House Majority Leader Kevin McCarthy, R-Calif., the front-runner to replace John Boehner, stunned the Republican conference on Thursday by withdrawing from the race. The surprise decision will postpone the vote for speaker.
“It’s going to go great,” McCarthy told reporters Thursday morning in the hallways of Capitol Hill, giving no indication he would drop out.
PPD has learned that Majority Leader McCarthy told Republicans it was not his time, though he faced opposition from some conservative members and groups. Still, by our last count, he had the support of over 200 members, far and away enough to win the party’s nomination in the vote initially set for Thursday.
It’s unclear what specifically made McCarthy change his mind and drop out, but he came under fire after a Fox News interview last week where he appeared to link Hillary Clinton’s dropping poll numbers to the congressional Benghazi committee. Democrats cited the comment as proof the Benghazi select committee was political in nature, which GOP members and leaders vehemently deny.
Nevertheless, Rep. Jason Chaffetz, R-Utah, the chairman of the House Oversight and Government Reform Committee, called the comments irresponsible and threw his hat in the ring along with Daniel Webster, R-Fla., who won a surprising amount of votes in the last vote for speaker. Webster has won over the conservative wing of the party, as the House Freedom Caucus–with its 30-40 members–decided it would unite and back him Wednesday evening. It is difficult to imagine solid conservatives throwing any support behind Chaffetz, considering the history.
Chaffetz stripped Rep. Mark Meadows of his subcommittee chairmanship after he defied party leaders on the TPP bill that gave the president fast-track authority. But Chaffetz buckled, and shortly after asking him to resign he reinstated Meadows as subcommittee chairman.

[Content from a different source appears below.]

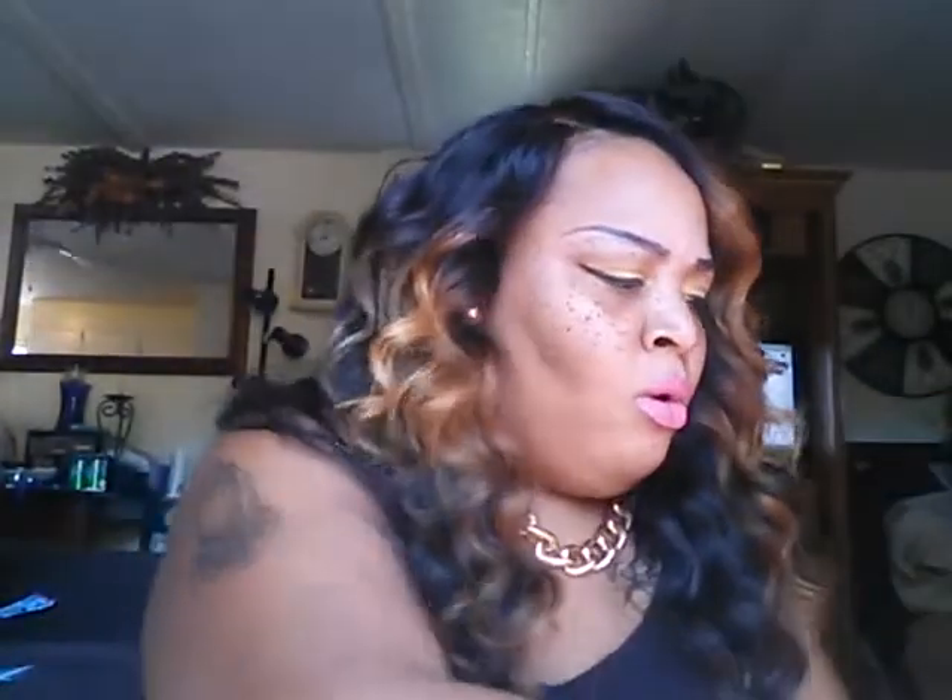I don't know which color is mine — I guess I have to light them up and see. I will be doing a detailed video on this so I can show you how it works.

Conservative talk radio host Mark Levin referred to the top three House leaders—Boehner, McCarthy and Majority Whip Steve Scalise, R-La.—as “Moe, Larry and Curley,” with Chaffetz being the “shrimp in there somewhere.”
Scalise, worth noting, announced he would run to replace McCarthy as majority leader and it is unclear whether that will change. However, Rep. Darrell Issa, R-Calif., said McCarthy would stay on as majority leader.
“He will be the single most important endorsement for anyone who runs for speaker,” Issa said. “He very magnanimously said he couldn’t unite the conference and wasn’t the right one to lead. He was by far the only declared in the room who had the votes.”
Conservatives have accused the outgoing speaker and his leadership team of presiding over “a culture of punishment and fear” in the House. Yet, they have referred to McCarthy as open-minded and a good listener, something that cannot be said of Chaffetz. Whoever ultimately is chosen by Republicans would need to muster an absolute majority, of roughly 218 members, to win in the full floor vote, which had been set for Oct. 29 originally. House Ways and Means Chair Paul Ryan, R-Wis., released a statement following the announcement.
“Kevin McCarthy is the best person to lead the House, and so I’m disappointed in this decision,” Ryan said. “Now it is important that we, as a Conference, take time to deliberate and seek new candidates for the speakership. While I am grateful for the encouragement I’ve received, I will not be a candidate. I continue to believe I can best serve the country and this conference as Chairman of the Ways and Means Committee.”
Meanwhile, perhaps in an unrelated or related decision, Rep. Walter Jones, R-N.C., sent a letter to House Republican Conference Chairwoman Cathy McMorris Rodgers, R-Wash., urging a full vetting of all leadership candidates to avoid a repeat of 1998, when the conference selected then-Rep. Bob Livingston in November to succeed outgoing House Speaker Newt Gingrich. only to learn Livingston had been having an affair. Jones asked that any candidate who has committed “misdeeds” withdraw.
“We need to be able to say without reservation that ‘I have nothing in my background that six months from now could be exposed to the detriment of the House of Representatives,'” he said to Fox News, adding he wants to make sure the candidates have “no skeletons.”